Os indícios já encontrados no casarão e sua vizinhança revelam que seja de fato uma construção do século 18 e que assim pode desvendar detalhes de como foi a ocupação do interior brasileiro naquela época. Por isso é necessário preservar o conjunto do sítio histórico. “O casarão da Serra Negra é um ser histórico”, qualifica o arquiteto Olavo Pereira. Ao perdermos “esse ser”, perdemos contato direto com a história e assim empobrecemos mais, defende. A recuperação do casarão e a inclusão dos sítios arqueológicos em seu entorno, transformariam um lugar esquecido em um produto turístico pronto para ser visitado e lembrado. Aplicados recursos que transformem o casarão em ponto de visitação turística, com roteiro elaborado, enriquecido de serviços profissionalizados, possibilita o acesso da população a um patrimônio histórico que lhe pertence, além de movimentar a cadeia produtiva do ecoturismo.  O próprio casarão é uma obra da arte de construir na época do Brasil colonial. A estrutura de madeira surpreende e tem uma solidez que desafia o tempo. Traves, ripas e caibros ainda originais sustentam o telhado. Blocos de pedra pacientemente talhados estão presentes em uma construção destinada a durar para sempre. A Fazenda Serra Negra tem conexões históricas a partir do ano de 1730, o início do povoamento da região, quando os jesuítas fundaram a Missão de Aroazes. Em 1740, D. Manoel da Cruz, Bispo do Maranhão, criou a Freguesia de Nossa Senhora da Conceição. Formaram-se três grandes fazendas que utilizavam escravos para seus serviços, sendo a fazenda Serra Negra a mais importante.  

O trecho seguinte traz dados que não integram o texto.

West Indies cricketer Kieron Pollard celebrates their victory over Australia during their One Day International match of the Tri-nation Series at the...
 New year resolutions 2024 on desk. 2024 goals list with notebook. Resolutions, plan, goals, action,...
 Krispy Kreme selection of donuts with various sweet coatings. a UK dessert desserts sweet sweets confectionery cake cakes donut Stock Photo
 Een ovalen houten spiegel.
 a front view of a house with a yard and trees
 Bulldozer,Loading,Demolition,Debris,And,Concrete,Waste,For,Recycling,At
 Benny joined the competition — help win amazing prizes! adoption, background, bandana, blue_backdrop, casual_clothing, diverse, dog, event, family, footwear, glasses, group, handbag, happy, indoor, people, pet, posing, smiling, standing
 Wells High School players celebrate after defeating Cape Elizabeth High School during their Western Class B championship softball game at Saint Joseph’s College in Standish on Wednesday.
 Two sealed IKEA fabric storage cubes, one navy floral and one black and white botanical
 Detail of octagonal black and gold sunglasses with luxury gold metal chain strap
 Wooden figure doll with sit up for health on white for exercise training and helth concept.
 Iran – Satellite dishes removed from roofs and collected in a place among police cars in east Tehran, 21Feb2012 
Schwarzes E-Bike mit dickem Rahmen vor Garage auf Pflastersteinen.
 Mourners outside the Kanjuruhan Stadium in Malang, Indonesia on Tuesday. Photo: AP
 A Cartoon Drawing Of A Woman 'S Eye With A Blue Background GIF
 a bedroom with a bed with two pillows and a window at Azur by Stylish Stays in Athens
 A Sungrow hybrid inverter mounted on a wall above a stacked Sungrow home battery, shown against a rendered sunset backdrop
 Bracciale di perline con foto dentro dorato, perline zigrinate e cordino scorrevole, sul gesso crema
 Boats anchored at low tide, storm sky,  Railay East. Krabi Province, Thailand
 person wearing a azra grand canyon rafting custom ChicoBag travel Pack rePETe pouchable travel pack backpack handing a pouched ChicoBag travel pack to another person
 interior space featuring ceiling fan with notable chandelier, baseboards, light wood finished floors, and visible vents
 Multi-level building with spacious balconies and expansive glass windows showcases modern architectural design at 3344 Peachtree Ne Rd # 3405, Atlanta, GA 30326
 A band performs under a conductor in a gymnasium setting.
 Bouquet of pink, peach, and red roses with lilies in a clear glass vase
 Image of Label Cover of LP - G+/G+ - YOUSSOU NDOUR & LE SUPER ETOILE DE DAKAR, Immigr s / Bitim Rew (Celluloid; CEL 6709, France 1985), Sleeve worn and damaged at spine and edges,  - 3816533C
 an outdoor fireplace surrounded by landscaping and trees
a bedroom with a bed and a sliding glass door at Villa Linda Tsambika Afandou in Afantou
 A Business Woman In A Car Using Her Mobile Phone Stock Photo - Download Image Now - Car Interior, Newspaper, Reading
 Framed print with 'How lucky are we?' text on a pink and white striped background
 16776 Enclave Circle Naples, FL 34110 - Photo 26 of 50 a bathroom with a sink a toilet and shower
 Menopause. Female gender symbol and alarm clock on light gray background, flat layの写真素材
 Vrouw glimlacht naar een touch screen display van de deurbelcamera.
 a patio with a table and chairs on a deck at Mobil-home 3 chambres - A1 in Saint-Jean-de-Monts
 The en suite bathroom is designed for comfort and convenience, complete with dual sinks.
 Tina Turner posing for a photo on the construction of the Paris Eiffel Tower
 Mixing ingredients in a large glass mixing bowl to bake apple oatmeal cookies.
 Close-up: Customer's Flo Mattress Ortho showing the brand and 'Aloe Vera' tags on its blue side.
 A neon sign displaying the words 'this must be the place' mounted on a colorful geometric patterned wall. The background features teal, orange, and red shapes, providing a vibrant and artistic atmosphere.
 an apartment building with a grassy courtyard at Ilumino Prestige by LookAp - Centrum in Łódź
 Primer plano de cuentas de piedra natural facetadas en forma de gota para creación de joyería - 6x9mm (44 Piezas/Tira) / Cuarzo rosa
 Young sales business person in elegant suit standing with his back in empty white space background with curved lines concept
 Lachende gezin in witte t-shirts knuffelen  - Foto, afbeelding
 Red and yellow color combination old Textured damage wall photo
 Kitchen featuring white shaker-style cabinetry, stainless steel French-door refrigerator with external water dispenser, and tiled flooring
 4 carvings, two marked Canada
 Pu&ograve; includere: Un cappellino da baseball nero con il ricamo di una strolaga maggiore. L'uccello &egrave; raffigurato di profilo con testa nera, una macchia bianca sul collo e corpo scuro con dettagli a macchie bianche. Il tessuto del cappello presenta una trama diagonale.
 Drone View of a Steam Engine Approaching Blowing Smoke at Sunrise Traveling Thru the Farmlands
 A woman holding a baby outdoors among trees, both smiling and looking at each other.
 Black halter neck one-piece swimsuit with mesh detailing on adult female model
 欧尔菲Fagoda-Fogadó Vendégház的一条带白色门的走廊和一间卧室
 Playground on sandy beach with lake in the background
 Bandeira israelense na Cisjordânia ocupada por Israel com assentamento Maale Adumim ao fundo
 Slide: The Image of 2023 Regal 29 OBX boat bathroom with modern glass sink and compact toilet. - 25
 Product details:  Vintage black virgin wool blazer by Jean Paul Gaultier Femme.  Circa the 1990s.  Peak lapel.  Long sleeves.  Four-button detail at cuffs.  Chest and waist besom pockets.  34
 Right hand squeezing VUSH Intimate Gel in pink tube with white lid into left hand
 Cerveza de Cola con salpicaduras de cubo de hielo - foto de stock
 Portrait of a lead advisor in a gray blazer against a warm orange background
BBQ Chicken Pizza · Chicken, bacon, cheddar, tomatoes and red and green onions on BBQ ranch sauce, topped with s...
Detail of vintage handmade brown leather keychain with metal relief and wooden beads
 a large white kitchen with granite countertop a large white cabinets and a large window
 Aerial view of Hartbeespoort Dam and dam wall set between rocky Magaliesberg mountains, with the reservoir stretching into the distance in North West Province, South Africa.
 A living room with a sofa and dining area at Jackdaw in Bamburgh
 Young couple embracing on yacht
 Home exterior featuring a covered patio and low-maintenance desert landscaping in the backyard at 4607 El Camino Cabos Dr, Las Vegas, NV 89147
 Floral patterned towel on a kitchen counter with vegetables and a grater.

Serra Negra, um casarão que aguarda socorro 

O casarão da Serra Negra hoje está em terras particulares que pertencem ao Grupo Empresarial cearense Edson Queiroz.  Desde 2006, passaram-se oito anos do tombamento e nenhuma obra para impedi-lo foi feito. Um Procedimento Prévio Investigatório (PPI) instaurado pelo Ministério Público Estadual foi encaminhado para apurar o grau da sua degradação e propor medidas no sentido de sua preservação. Audiência pública, realizada na sede da fazenda, em 30 de março de 2010, estabeleceu metas e determinou prazos a serem cumpridos com celeridade. O documento resultante desse encontro assim determina:  “...um  anteprojeto arquitetônico de restauração da sede antiga da Fazenda Serra Negra será apresentado pelo representante do Grupo Edson Queiroz e submetido à apreciação da FUNDAC no prazo de 60 (sessenta) dias contado desta data; por sua vez, a FUNDAC analisará o projeto e buscará dados com as instituições pertinentes no prazo de 90 (noventa) dias, contado do recebimento do projeto, também sendo de sua incumbência informar ao Ministério Público do Estado do Piauí acerca da apresentação do projeto, bem como de outras notícias relacionadas ao caso”. As ações previstas no texto estão firmadas e assinadas entre Ministério Público, FUNDAC, IBAMA, UFPI, UESPI e Grupo Edson Queiroz. Consta que o anteprojeto foi apresentado, mas unanimemente reprovado por uma comissão designada a apreciá-lo. Segundo o arquiteto Olavo Pereira, entre outras impropriedades, constava a transformação do casarão em uma escola, instalação de ar-condicionado e a construção, na área interna do casarão, de “banheiros modernos”. Nesta quinta-feira, 18 de setembro de 2014, documento protocolado junto ao IPHAM-PI, registrado com o número 1041311, solicitou providências sobre o drama do tombamento anunciado do Casarão da Serra Negra. A inciativa, motivada por voluntários do Movimento Pense Piauí Identidade, cobra respostas para uma pergunta que não quer calar: sem identidade, quem somos e em que nos tornaremos?